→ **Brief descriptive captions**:

/---

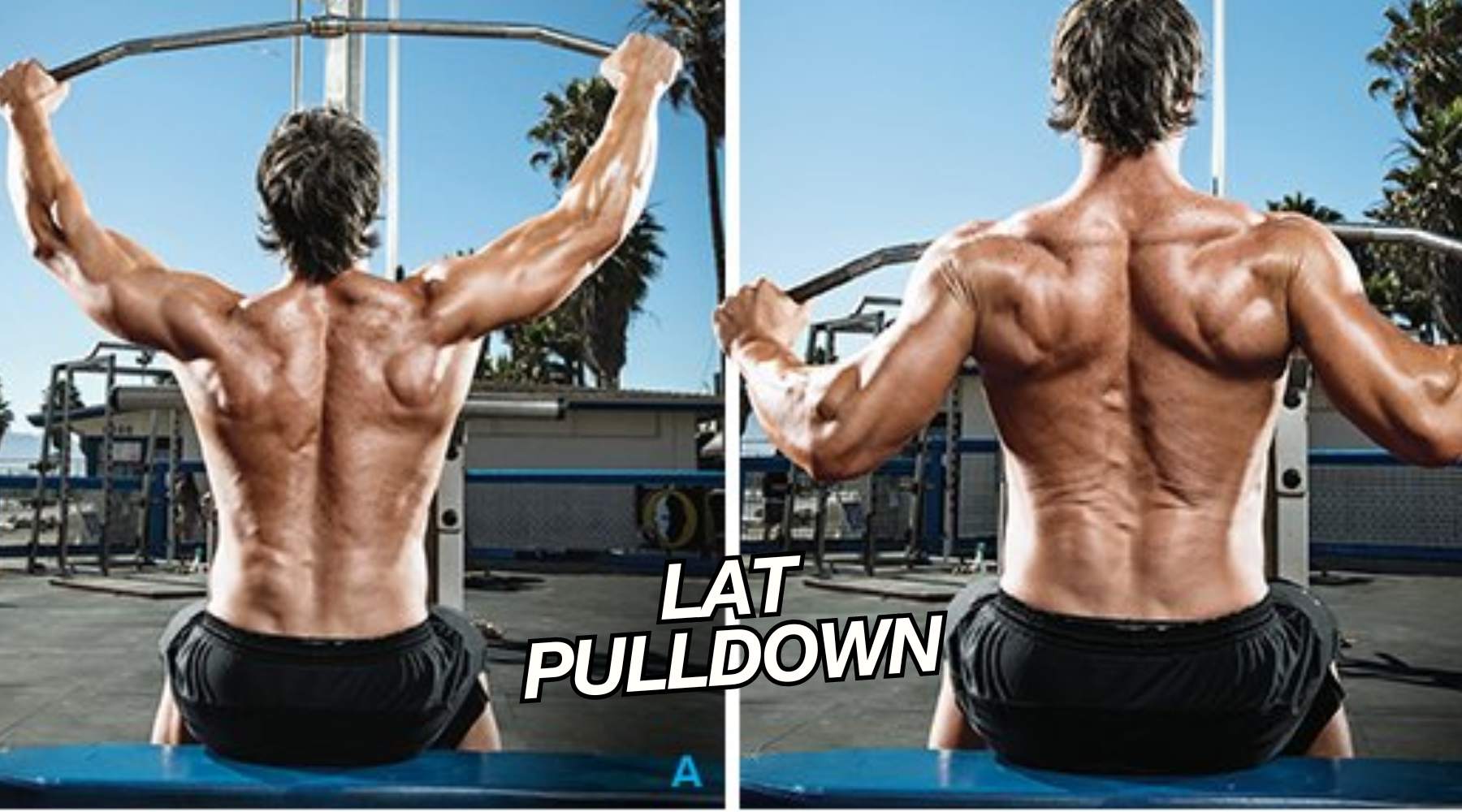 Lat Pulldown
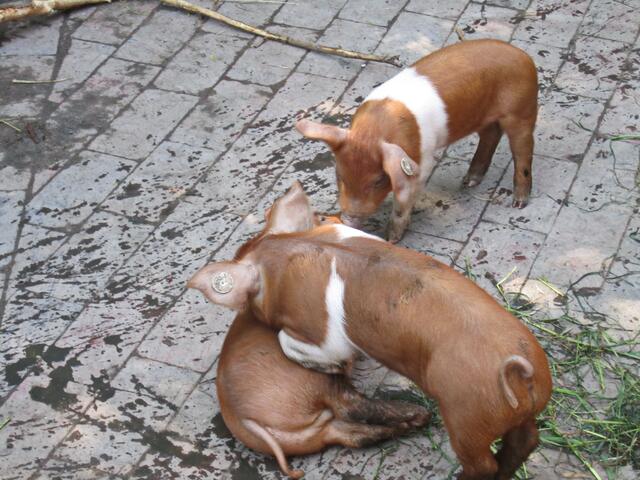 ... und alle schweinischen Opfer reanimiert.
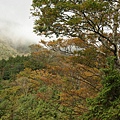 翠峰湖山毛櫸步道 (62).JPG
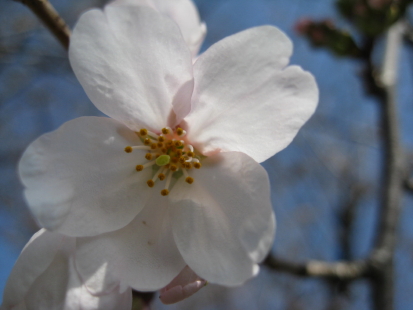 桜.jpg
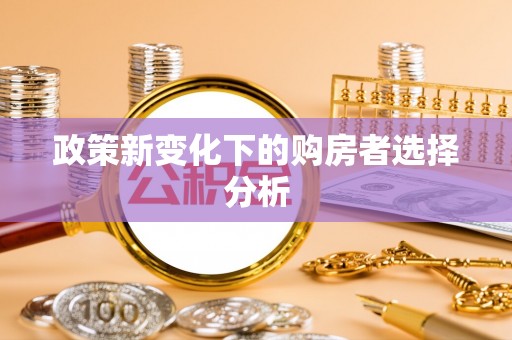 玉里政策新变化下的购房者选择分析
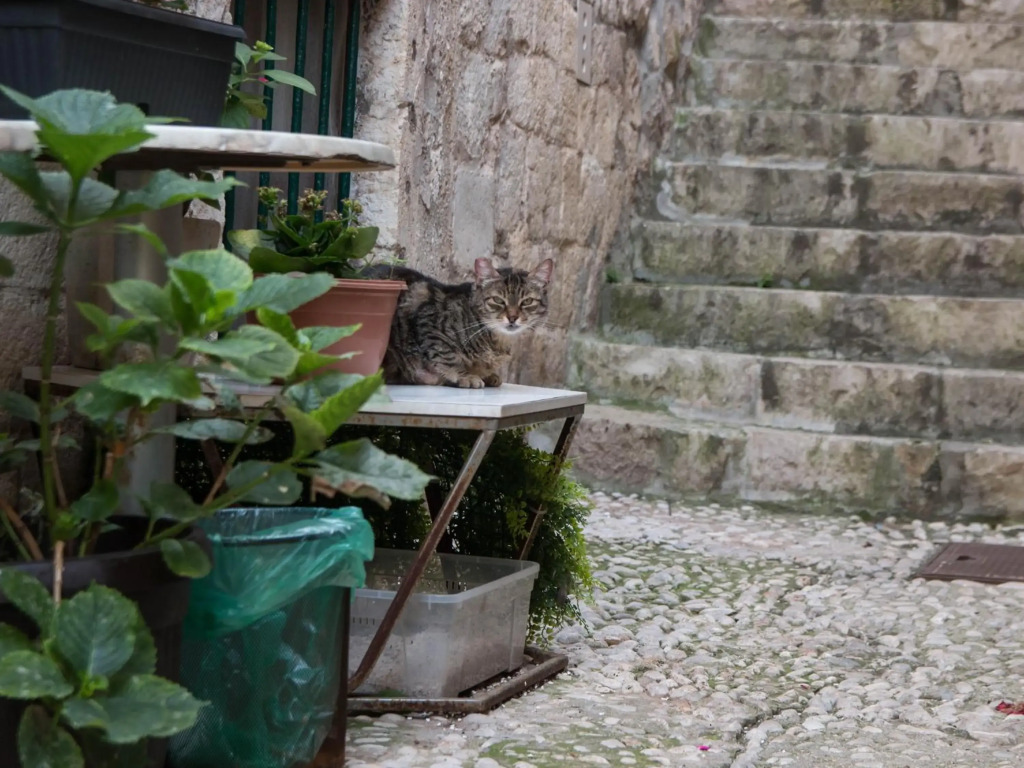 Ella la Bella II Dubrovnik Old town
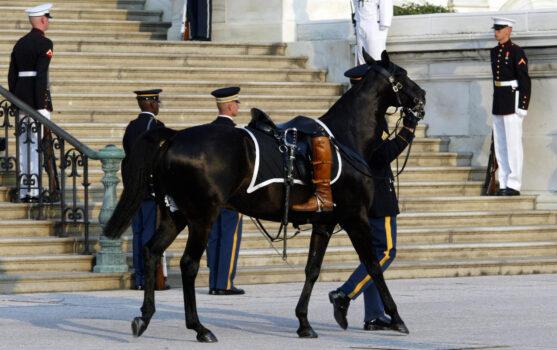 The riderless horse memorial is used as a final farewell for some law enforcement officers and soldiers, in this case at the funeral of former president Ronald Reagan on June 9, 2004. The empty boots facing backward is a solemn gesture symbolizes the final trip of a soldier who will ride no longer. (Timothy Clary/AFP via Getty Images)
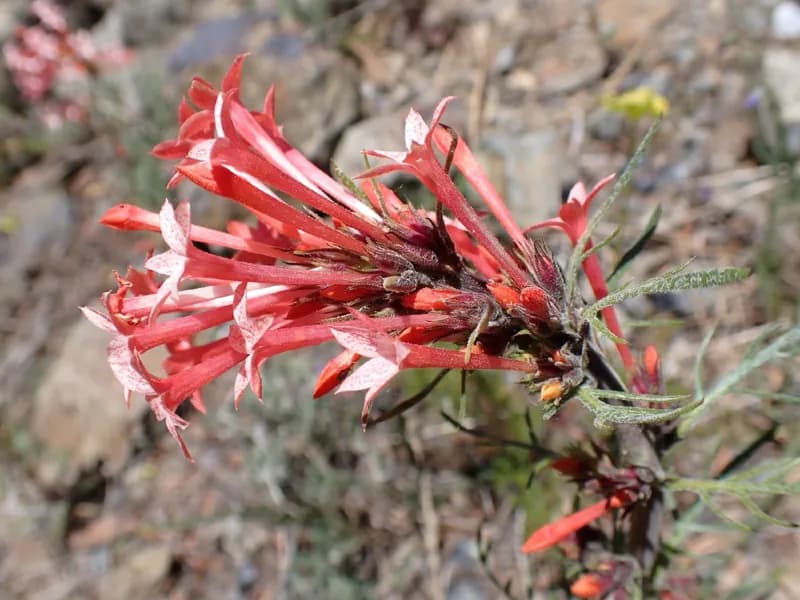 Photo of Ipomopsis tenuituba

\---

→ **WHAT IS EXPECTED**: Leave out every picture and copy the rest of the records exactly.

→ **YOUR RESPONSE**:
 Lat Pulldown
 ... und alle schweinischen Opfer reanimiert.
 翠峰湖山毛櫸步道 (62).JPG
 桜.jpg
 玉里政策新变化下的购房者选择分析
 Ella la Bella II Dubrovnik Old town
 The riderless horse memorial is used as a final farewell for some law enforcement officers and soldiers, in this case at the funeral of former president Ronald Reagan on June 9, 2004. The empty boots facing backward is a solemn gesture symbolizes the final trip of a soldier who will ride no longer. (Timothy Clary/AFP via Getty Images)
 Photo of Ipomopsis tenuituba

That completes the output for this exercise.